Adversarial attacks (14:14)

And I think this notion leads very nicely into this other idea of adversarial attacks on neural nets. And the idea here is to take some data instance, for example, this image of a temple, which, you know, a standard CNN trained on image data can classify with very high accuracy, and then apply some perturbation to that image, such that when we take the result after that perturbation and now feed it back into our neural network, it generates a completely nonsensical prediction like ostrich about what is actually in that image. And so this is maybe a little bit shocking. Why is it doing this? And how is this perturbation being created to fool the network in such a way? How is this perturbation being created to fool the network in such a way? So remember when we're training our networks, we use gradient descent. And what that means is we have this objective function, j, that we're trying to optimize for. And what specifically we're trying to optimize is the set of weights, W, which means we fix our data and our labels and iteratively adjust our weights to optimize this objective function. And the way an adversarial example is created is kind of taking the opposite approach, where we now ask, how can we modify the input image, our data X, in order to increase the error in the network's prediction, to fool the network. And so we're trying to perturb and adjust X in some way by fixing the weights, fixing the labels, and iteratively changing X to generate a robust adversarial attack.
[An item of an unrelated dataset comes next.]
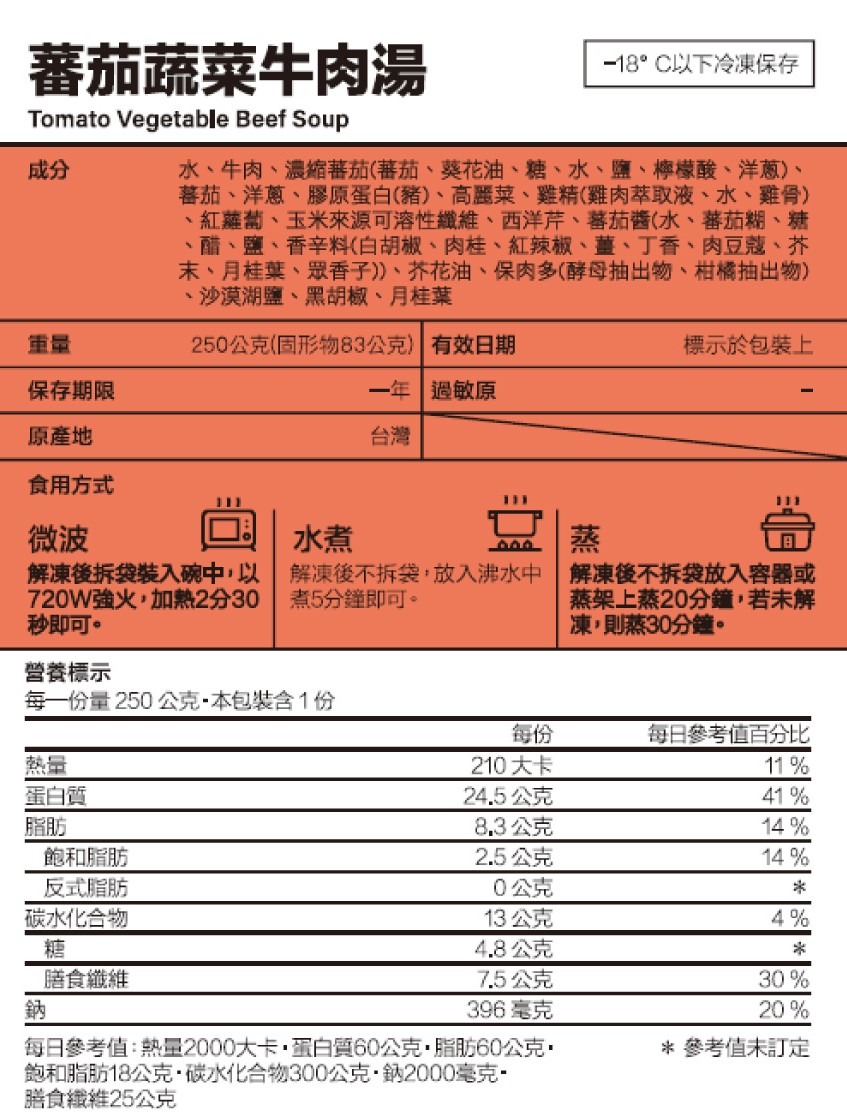 JS健力湯產品包裝串接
And an extension of this was recently done by a group of students here at MIT, where they devised an algorithm for synthesizing adversarial examples that were robust to different transformations like changing the shape, scaling, color changes, etc. And what was really cool is they moved from beyond the 2D setting to the 3D setting, where they actually 3D printed physical objects that were designed to fool a neural network. And this was the first demonstration of actual adversarial examples that existed in the physical world, in the 3D world. And so here they 3D printed a bunch of these adversarial turtles, and when they fed images of these turtles to a neural network trained to classify these images, the network incorrectly classified these adversarial examples as rifles rather than turtles.
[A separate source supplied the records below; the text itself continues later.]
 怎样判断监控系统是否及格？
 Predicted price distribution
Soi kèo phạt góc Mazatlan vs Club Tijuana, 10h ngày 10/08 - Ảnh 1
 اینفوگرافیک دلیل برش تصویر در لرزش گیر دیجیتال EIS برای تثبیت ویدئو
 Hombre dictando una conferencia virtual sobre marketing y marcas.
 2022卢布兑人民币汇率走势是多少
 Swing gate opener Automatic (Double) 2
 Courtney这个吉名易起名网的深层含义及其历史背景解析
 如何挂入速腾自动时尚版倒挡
Limitations summary (17:00)

And so this just gives you a taste of some of the limitations that exist for neural networks and deep learning. And other examples are listed here, including the fact that they can be subject to algorithmic bias, that they can be susceptible to these adversarial attacks, that they're extremely data hungry, and so on and so forth. And moving forward to the next half of this lecture, we're going to touch on three of these sets of limitations and how we can push research to sort of address some of these limitations. Specifically, we'll focus on how we can encode structure and prior domain knowledge into designing our network architecture. We'll talk about how we can represent uncertainty and understand when our model is uncertain or not confident in its predictions. And finally, how we can move past deep learning, where models are built to solve a single problem and potentially move towards building models that are capable to address many different tasks.


Structure in deep learning (18:18)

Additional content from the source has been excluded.